TASK DIRECTIONS: Please give back, exactly as written, the lines from the line with "Coca-Cola launches more" to the line with "Magazine IWB Kydex Holster photo review" in the listing below, leaving out all pictures.

AVAILABLE DATA:
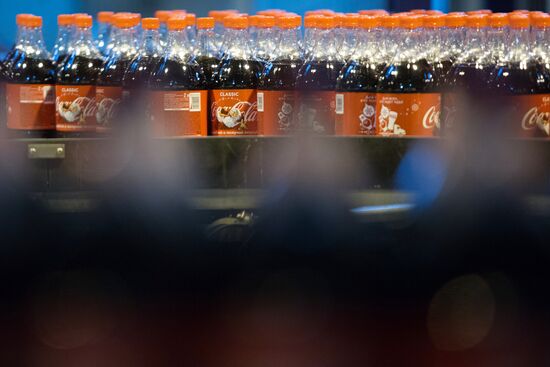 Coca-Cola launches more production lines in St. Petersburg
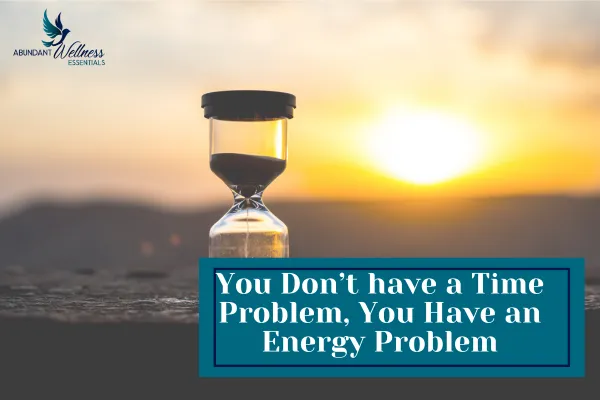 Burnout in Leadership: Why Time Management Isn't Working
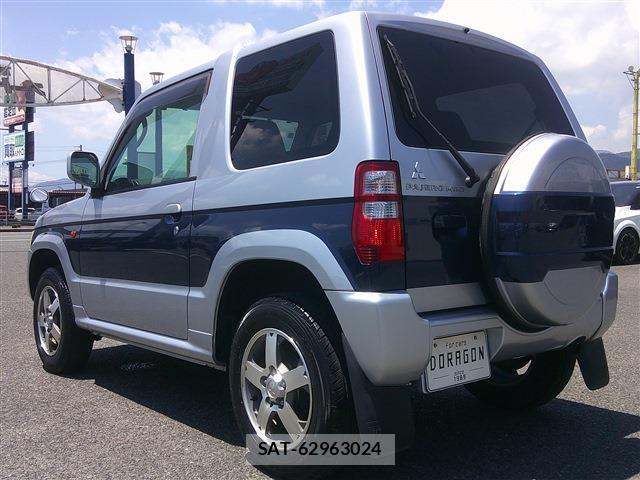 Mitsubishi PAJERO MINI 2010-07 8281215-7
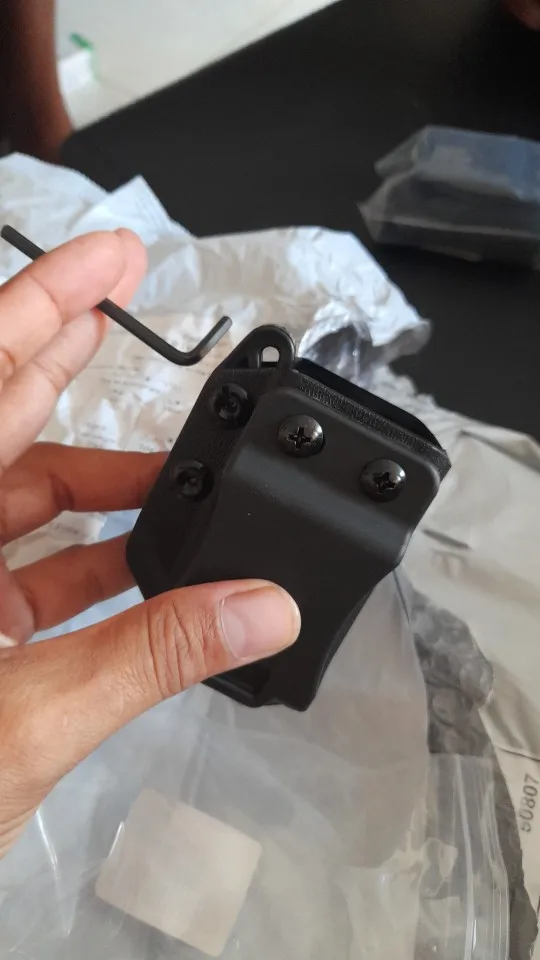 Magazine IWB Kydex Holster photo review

...

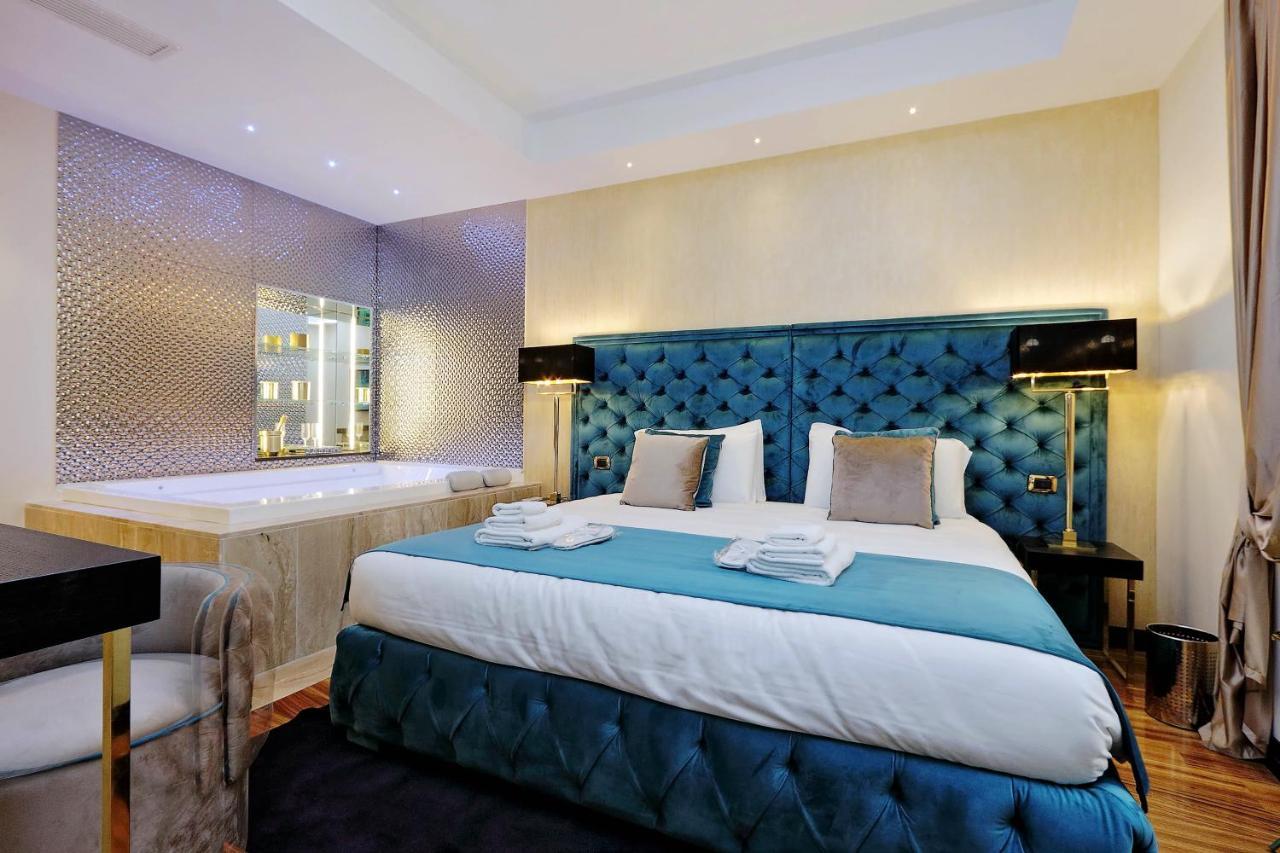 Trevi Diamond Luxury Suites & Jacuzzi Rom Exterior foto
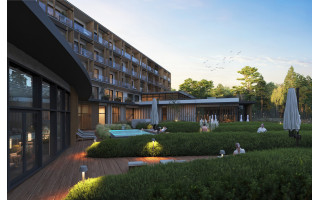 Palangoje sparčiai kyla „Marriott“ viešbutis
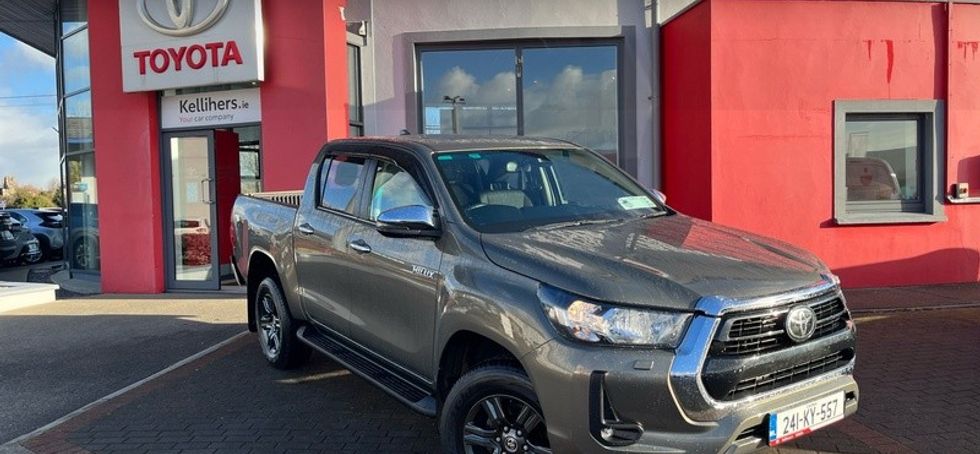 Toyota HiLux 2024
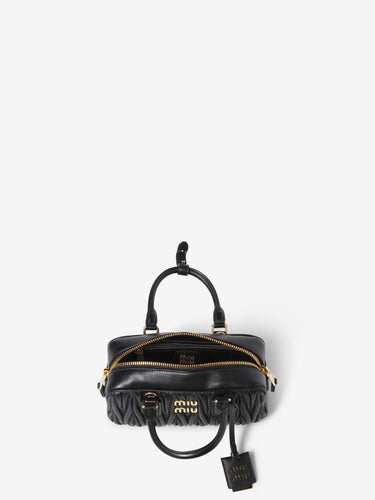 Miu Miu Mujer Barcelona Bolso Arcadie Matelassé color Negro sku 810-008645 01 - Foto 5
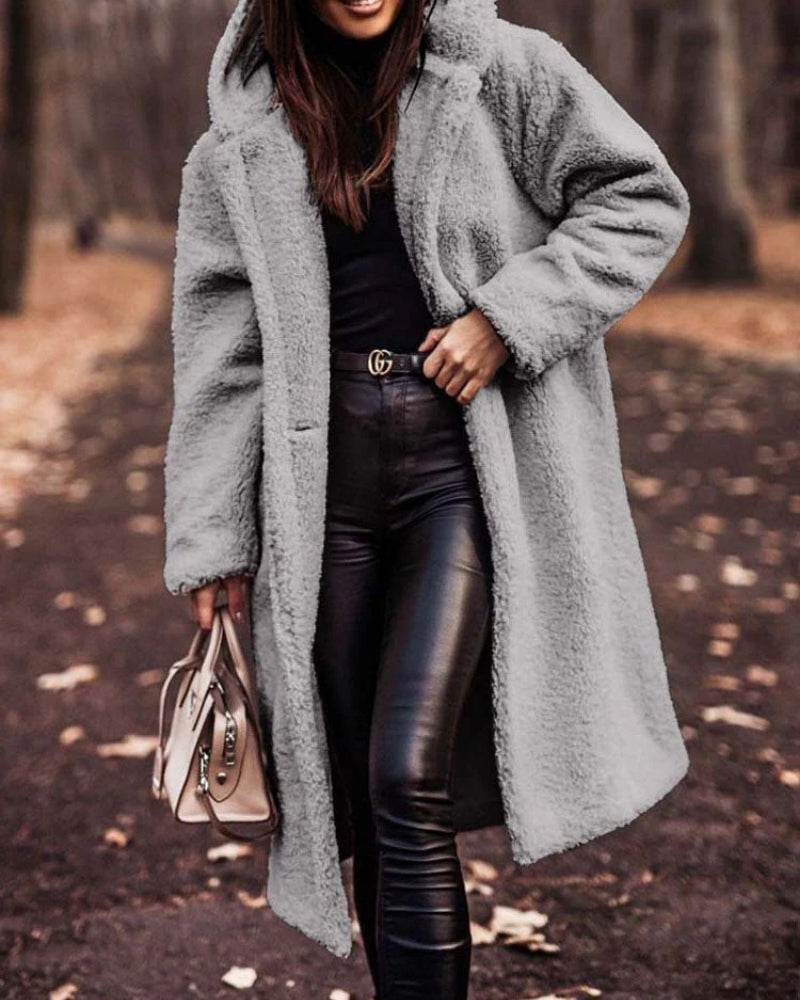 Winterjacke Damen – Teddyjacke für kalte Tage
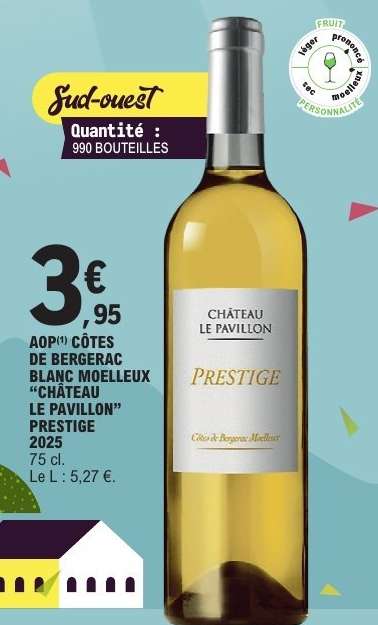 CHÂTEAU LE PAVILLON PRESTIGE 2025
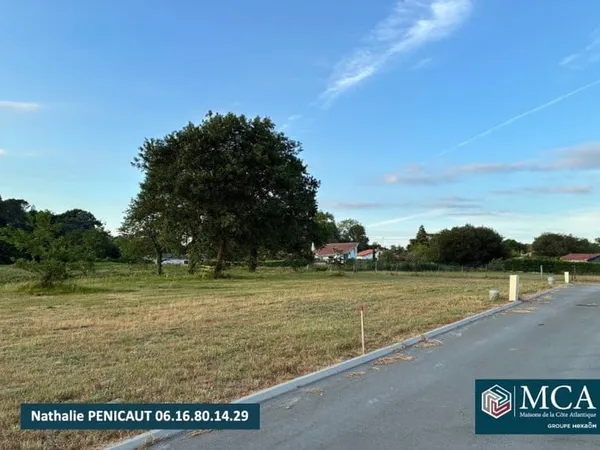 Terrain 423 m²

SOLUTION BELOW:
 Coca-Cola launches more production lines in St. Petersburg
 Burnout in Leadership: Why Time Management Isn't Working
 Mitsubishi PAJERO MINI 2010-07 8281215-7
 Magazine IWB Kydex Holster photo review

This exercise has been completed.